Pakistan doesn’t quite seem to be playing ball with the US and India when it comes to cooperation on counter-terrorism. There’s no doubt that India’s and America’s interests converge—both want to see Pakistan free of terrorism. But both countries differ in their perception about Pakistan’s seriousness in rooting out terrorism from its soil.
India believes Pakistan, particularly its security establishment, continues to distinguish between the various terrorist groups that operate from its soil. Islamabad has been taking action against the Tehreek-e-Taliban Pakistan (TTP), which has challenged the Pakistan army and American interests, but isn’t willing to defang anti-India groups such as the Lashkar and Jaish-e-Mohammed.
India’s argument, however, has found little resonance in the US establishment till now. US officials feel the Pakistan army’s operation in South Waziristan has a serious intent, worthy of commendation.
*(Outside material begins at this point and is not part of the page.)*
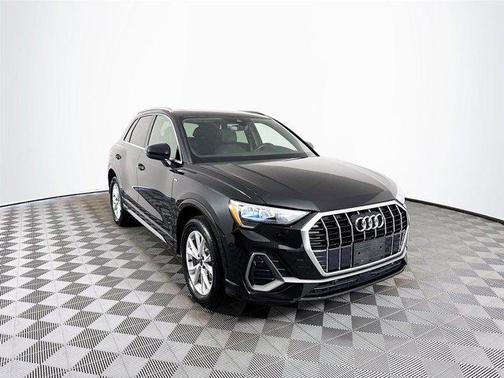 2021 Audi Q3 45 S line Premium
The Obama administration, in fact, sees Pakistan as a victim of terrorism, citing the dramatic increase in terror attacks over the last three years in Pakistan as compared to India.
More importantly, Obama can’t pressure Islamabad to the point where it covertly begins to oppose his quest to stabilise Afghanistan—a goal he is keen to achieve at the earliest, so as to pull out American troops from there.
Many Indians thus feel that their country should not outsource its Pakistan problem to the US. They feel that India needs to recognise that its and America’s interests on Pakistan don’t always square up. They remain sceptical that the US will do what we require it to do on Pakistan; and think that Pakistan admitted to the role of its citizens in Mumbai only because it’s simply “undeniable”. Where is there any real, substantive action against Hafiz Saeed’s network or dismantling of the terror apparatus, they ask. They think the US is not putting enough pressure on Pakistan.
Yet, beyond India’s eagerness to tame Pakistan, there’s also the possibility of Pakistan collapsing. A failed Pakistani state is neither in India nor in America’s interest. Many in the US feel India must factor this into its policy, and accommodate Pakistan to nudge it on to the right track. For instance, Michael Krepon of the Henry L. Stimson Center says, “The bloodletting in Pakistan shows no sign of waning. More mass casualty attacks in Pakistan can be expected, as well as on Indian soil…. Under these circumstances, further delays in the resumption of the Indo-Pak dialogue because Islamabad must ‘do more’ against extremist groups or bring Hafiz Saeed to trial seem questionable, at best.”